PS - this is how the webapps contribs basically does stuff and where I got the idea from. This is the manual method of doing the same thing.

[DanB35]

  access to /home/e-smith/files/ibays/Primary/html/.well-known/acme-challenge/xxxxxxxx failed, reason: SSL connection required

Rather than an outright 403 to non-https URLs, you should be redirecting them to HTTPS.  I'm not sure how you've done the SSL requirement; I'm pretty sure the normal way on SME does do a redirect.  And as already noted, requiring authentication to the path is going to mess things up as well.  It also seems odd--you require a username and password so they can get to the Nextcloud login screen, and enter the username/password again?  Is that really necessary?

[guest22]

Thanks all, still wrestling this.


I have no authentication set on apache level, just at application level.

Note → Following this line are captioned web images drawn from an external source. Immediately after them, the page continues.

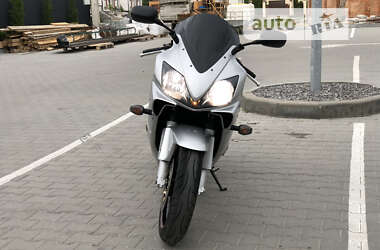 Спортбайк Honda CBR 600F4i 2002 в Виннице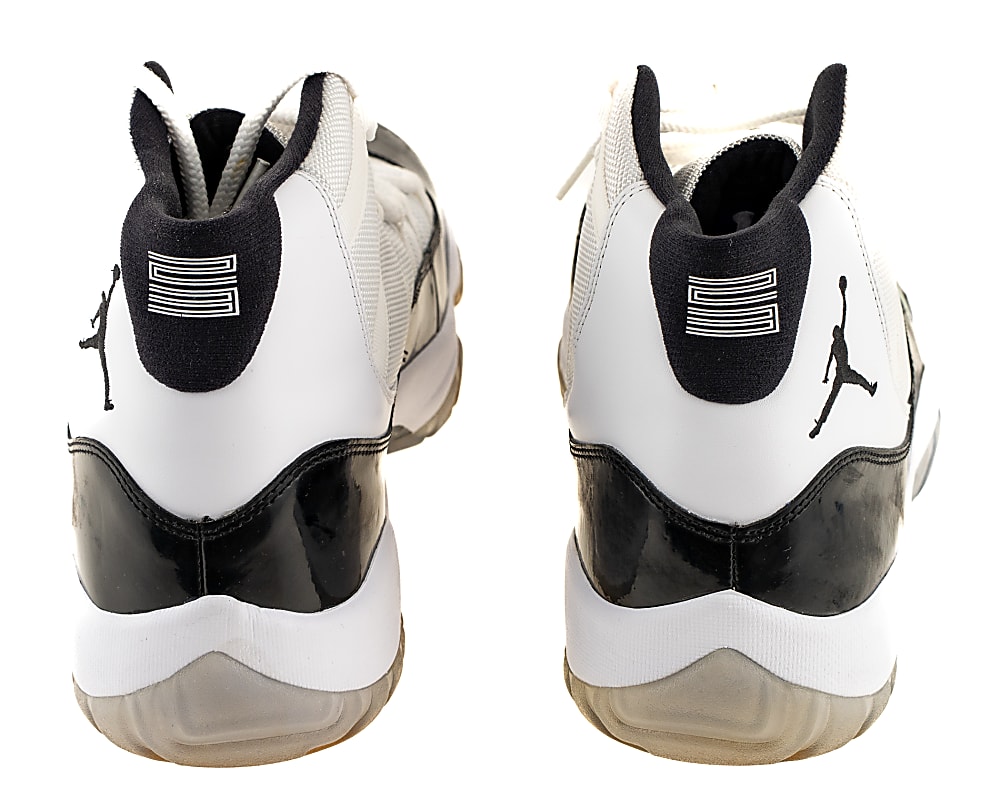 Michael Jordan Signed Nike Air Jordan 11 Concord Sneakers - Upper Deck and JSA
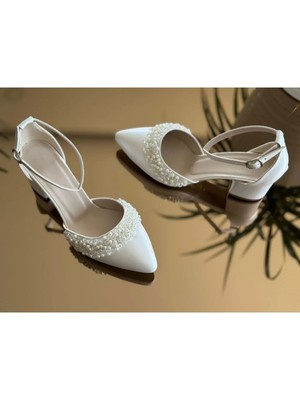 İlkinin Pabuçları Gelin Ayakkabısı, Inci ve Boncuk Süslemeli 5cm Kalın Topuklu Ekru Sedef Kırık Beyaz Düğün Ayakkabısı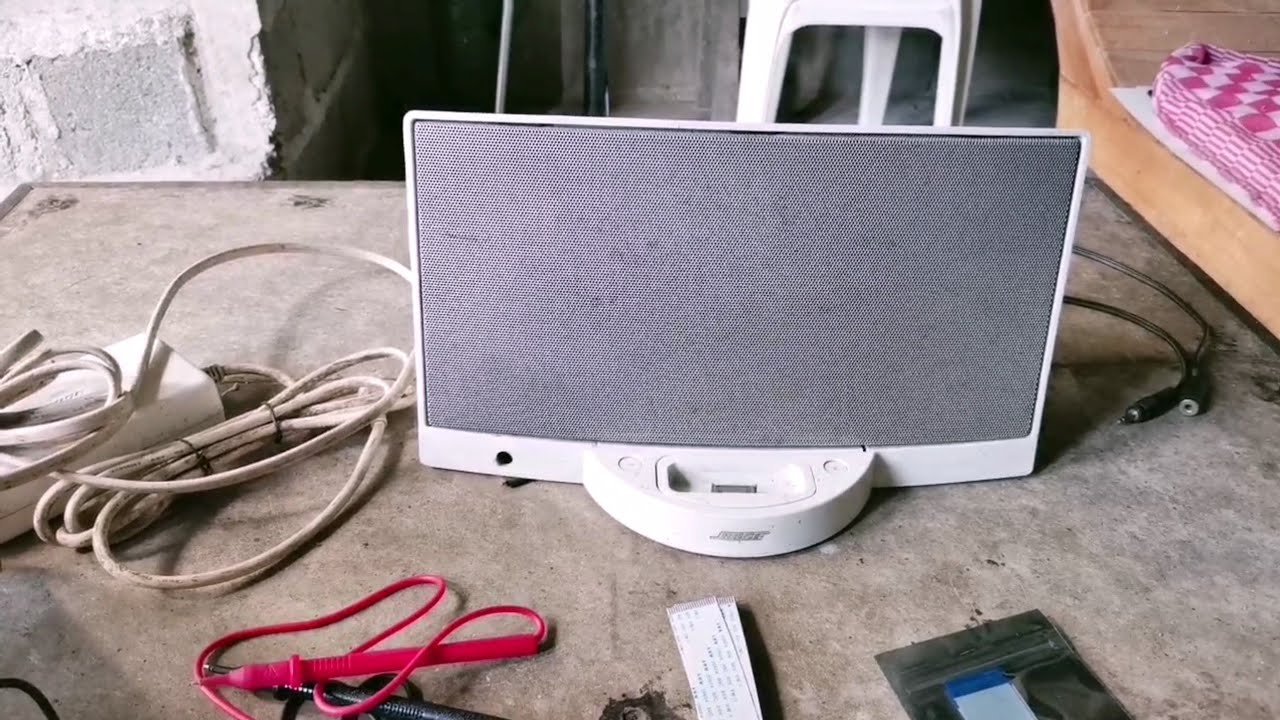 bose sounddock auxiliary in hack, change 2 ribbon. put 2k ohms resistor to switch speaker on.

It seems that the redirect to https is not working somehow. Anyway, john is having a quick look. Will report back.

[guest22]

I think I have this resolved. I deleted the (manually added) db accounts key from the Primary ibay (and signal-event ibay-modify):

SSL=enabled

Certificates are now generated without any issue.